Terlikleri birer öğrenci gibi karşısına dizen ve onlarla bir öğretmenmiş gibi oynayan çocuk, Köy Enstitüleri’nin mimarlarından Milli Eğitim Bakanı Hasan Ali Yücel’dir!
..
Yazıma neden böyle bir başlık attım sanırım anlaşıldı. İrade, feyz sahibi olma, üretkenlik ve paylaşımcı olma hali, nereden, nerelerden, yaşanan ve yaşananlardan anlam çıkarıp algı oluşturup kendisine yol çizmek. Yaşıyoruz, her gün daha da fazla yüksek iradeli insanlara, duygu yoğun insani değerlere sahip yaşadığımız hayatın beşeri olduğunun farkında tekrarının da olmadığını bilerek yüksek bilinçle yaşama gayretinde olanlara ihtiyacımız var.

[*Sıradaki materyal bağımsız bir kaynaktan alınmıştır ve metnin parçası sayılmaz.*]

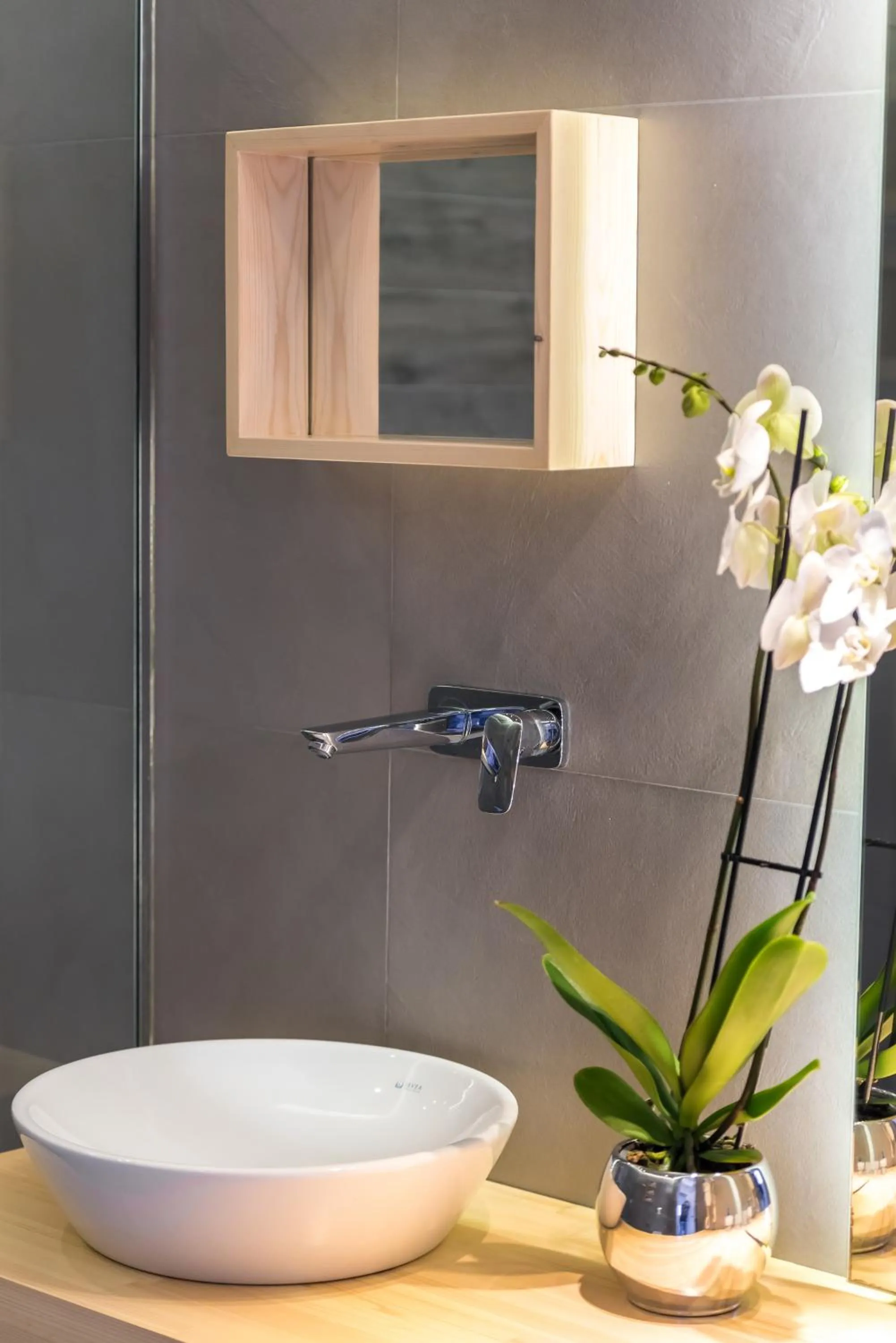 Bathroom in Arkadia Hotel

Benim yazdıklarıma da söylediklerime de inanmayın, tercih sizin. Önerimdir, yüzyıldan fazla ismi anılıp yâd edilen kim varsa araştırın, inceleyin, sorgulayın, sadece zenginliği ile sadece gücü kuvveti ile sadece hükmettiği kişi sayısıyla, düzenbazlığı, ali cengiz olaylarına müdahil tek bir örnek vermeniz zor, asırdan fazla süre önce yaşamış. “Hasan Ali Yücel” ve Can Yücel” i ve çok güzel insanlarımızı, değerlerimizi asırlar geçse de sevgi ve saygıyla anıp daha çok tanımaya, kişilik ve irade yapılarını çözmeye çalışacak sonraki nesillerimiz.